▶ **Stored data**:

- - -

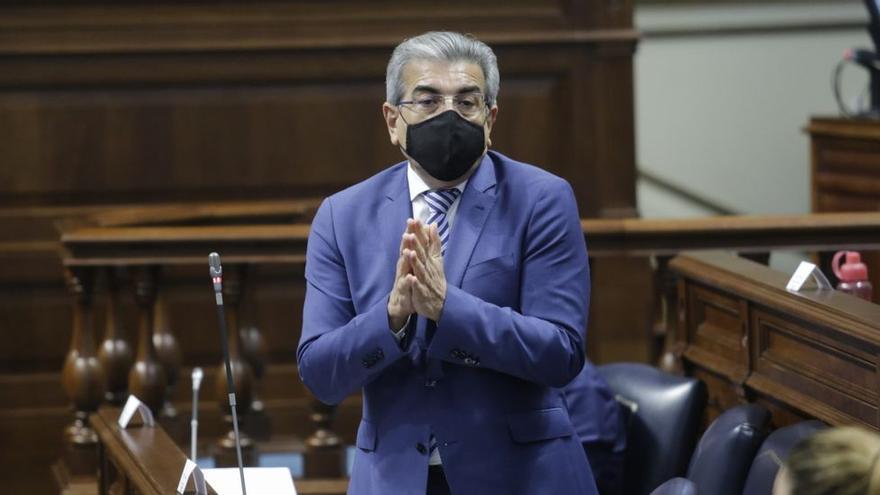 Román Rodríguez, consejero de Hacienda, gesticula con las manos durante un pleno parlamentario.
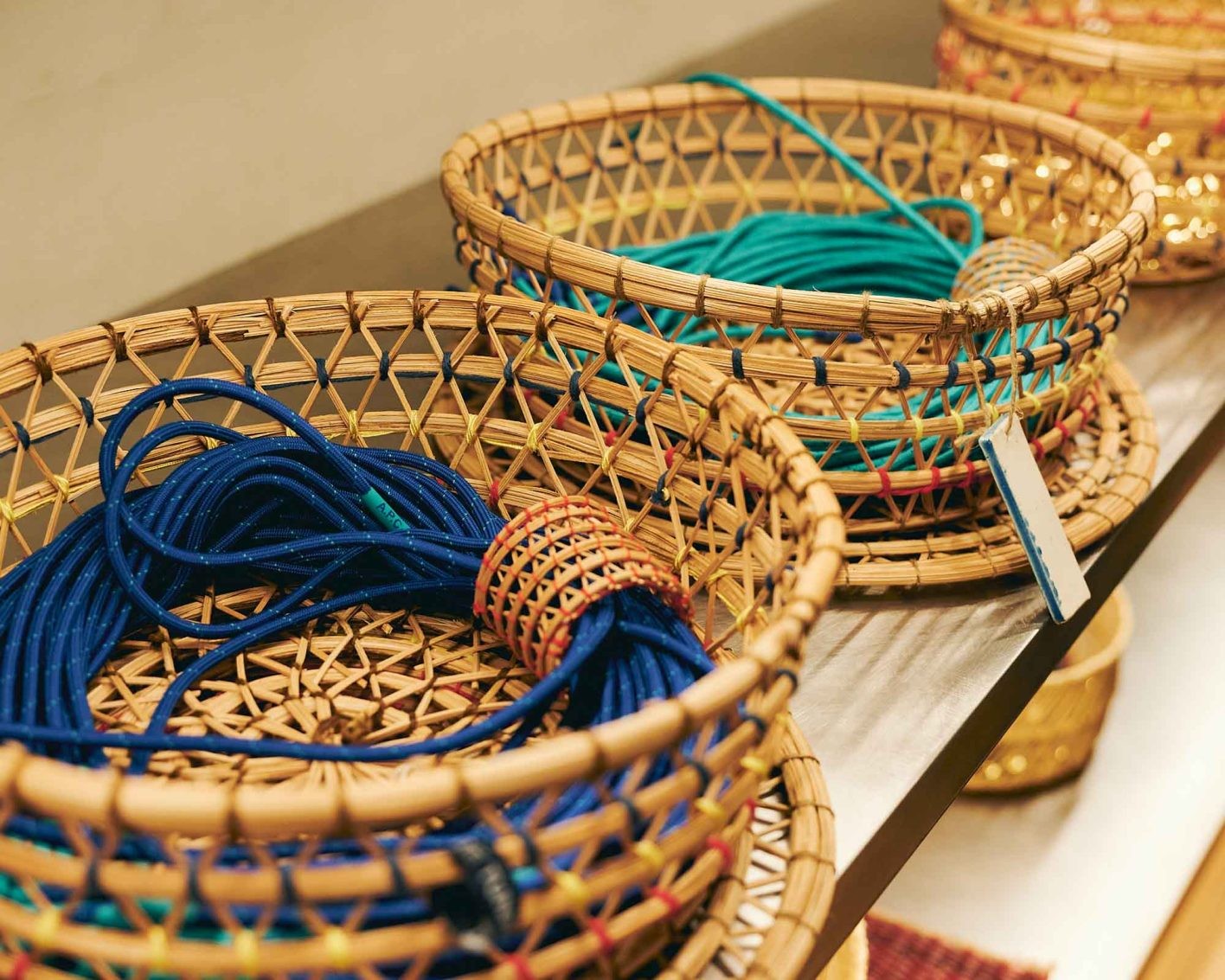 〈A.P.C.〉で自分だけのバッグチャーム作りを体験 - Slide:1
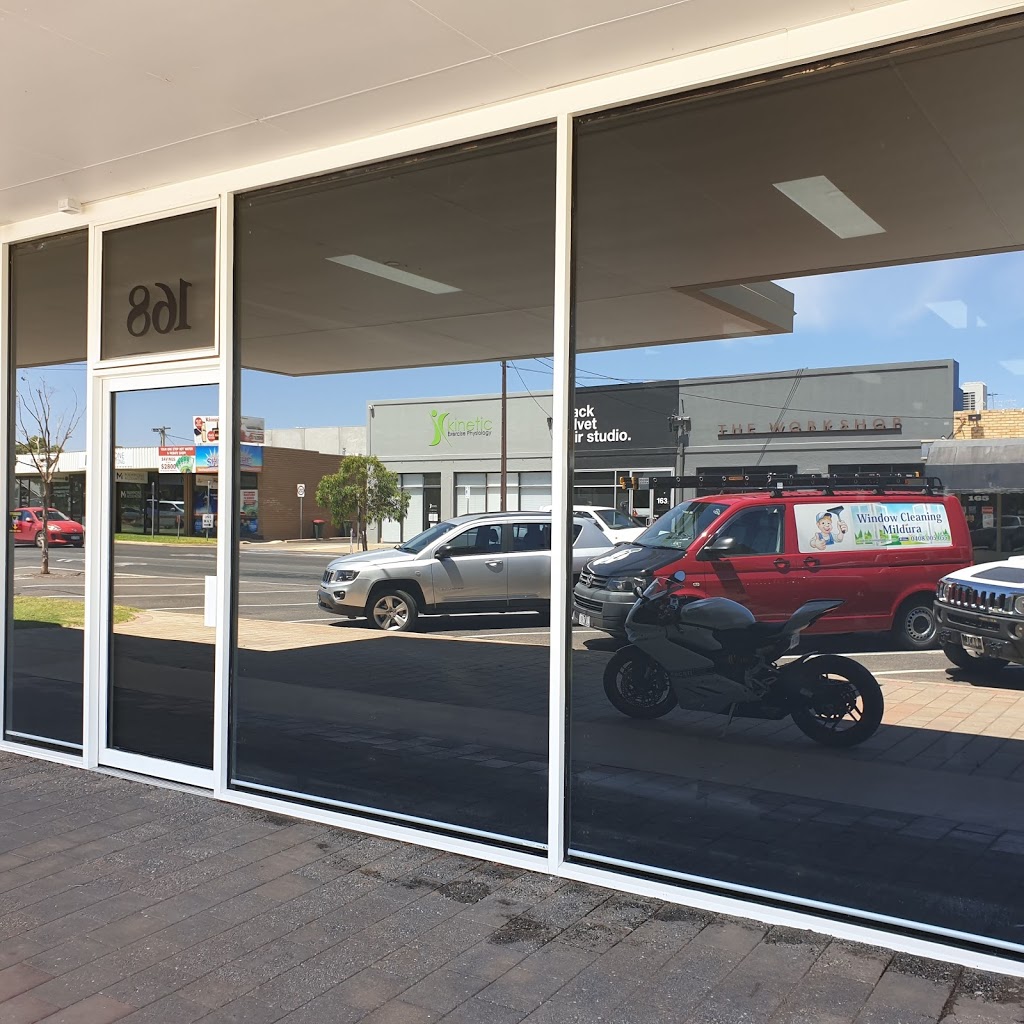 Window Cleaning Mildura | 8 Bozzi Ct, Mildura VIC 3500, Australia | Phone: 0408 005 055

- - -

Full transcription of the material, exact in every line, without images.

 Román Rodríguez, consejero de Hacienda, gesticula con las manos durante un pleno parlamentario.
 〈A.P.C.〉で自分だけのバッグチャーム作りを体験 - Slide:1
 Window Cleaning Mildura | 8 Bozzi Ct, Mildura VIC 3500, Australia | Phone: 0408 005 055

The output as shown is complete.